:: Data shown ::
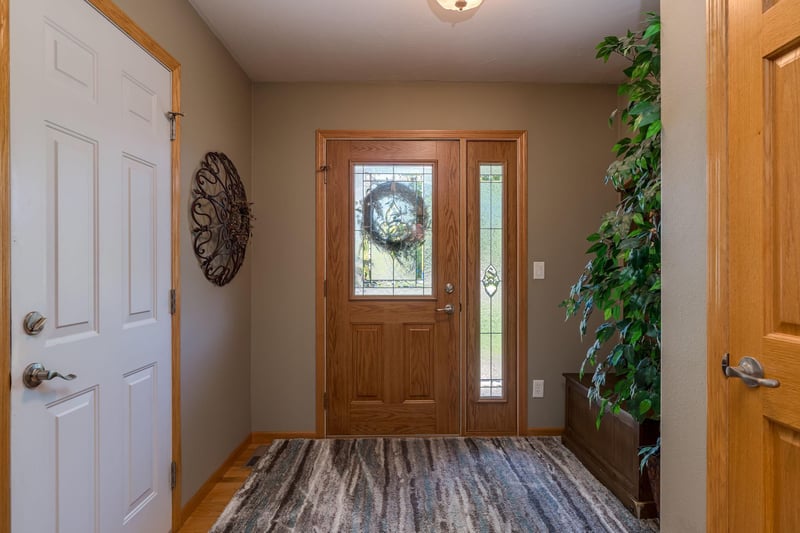 619 Colodoro Ln, Eagle Lake, MN 56024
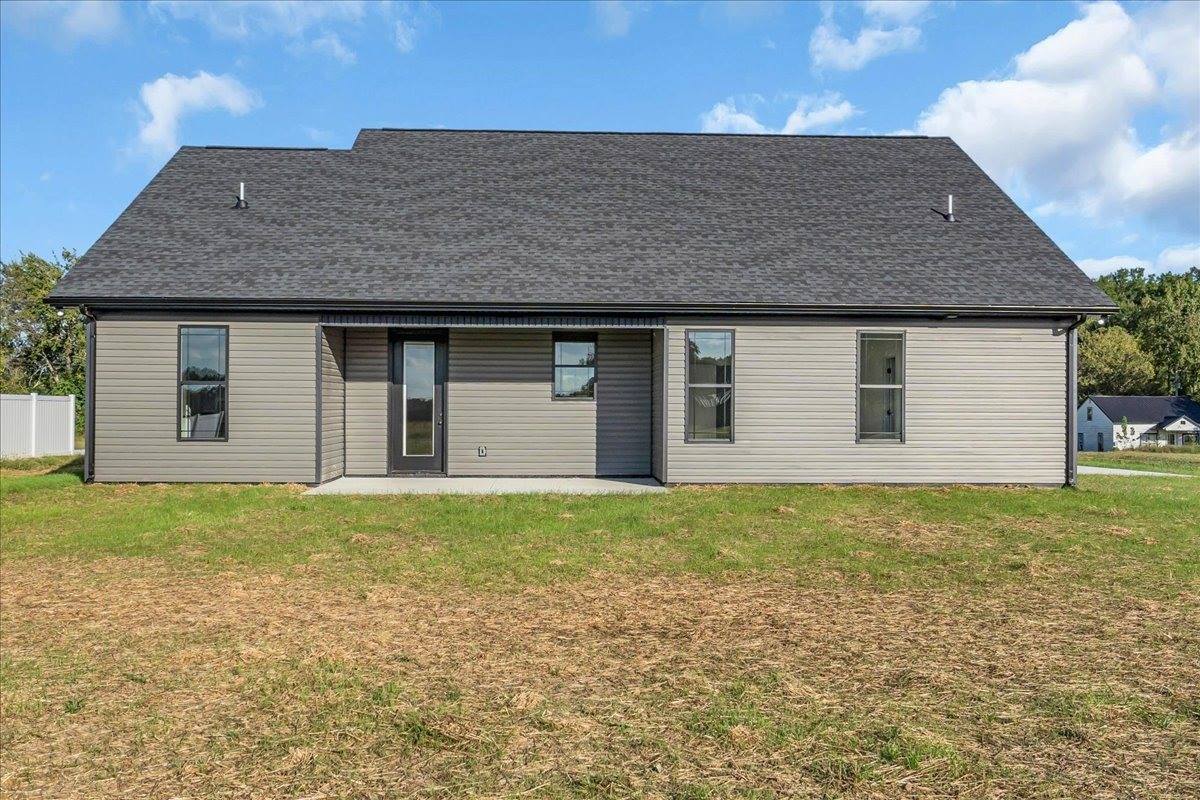 1053 Arch Cope Rd, Morrison, TN 37357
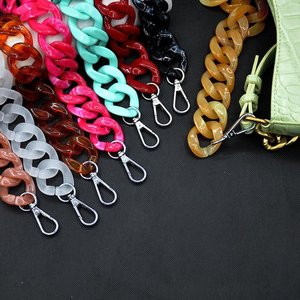 Collier audacieux en résine pour femme, bijou tendance inspiré des accessoires de mode, prêt à offrir Tradebyd - Product Image 1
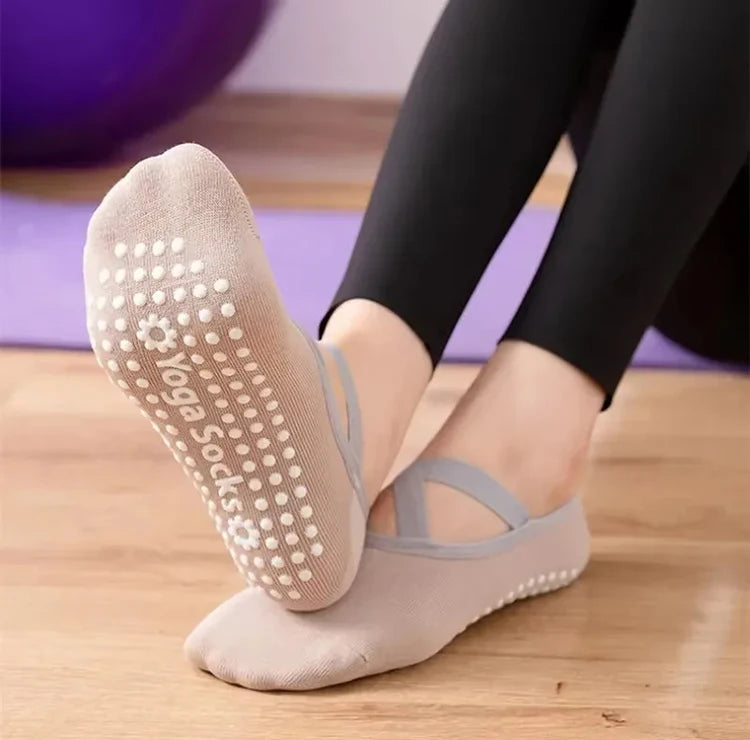 Women's non-slip grip socks for Pilates and yoga with silicone sole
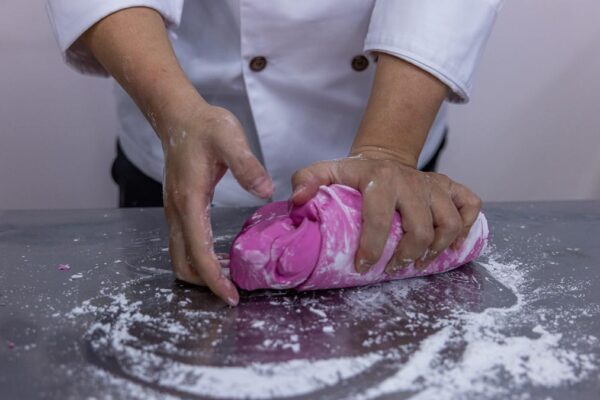 U.S. health officials seek to phase out artificial dyes from food supply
:::
The copy should match each line above exactly and contain no images.

**Task response**
 619 Colodoro Ln, Eagle Lake, MN 56024
 1053 Arch Cope Rd, Morrison, TN 37357
 Collier audacieux en résine pour femme, bijou tendance inspiré des accessoires de mode, prêt à offrir Tradebyd - Product Image 1
 Women's non-slip grip socks for Pilates and yoga with silicone sole
 U.S. health officials seek to phase out artificial dyes from food supply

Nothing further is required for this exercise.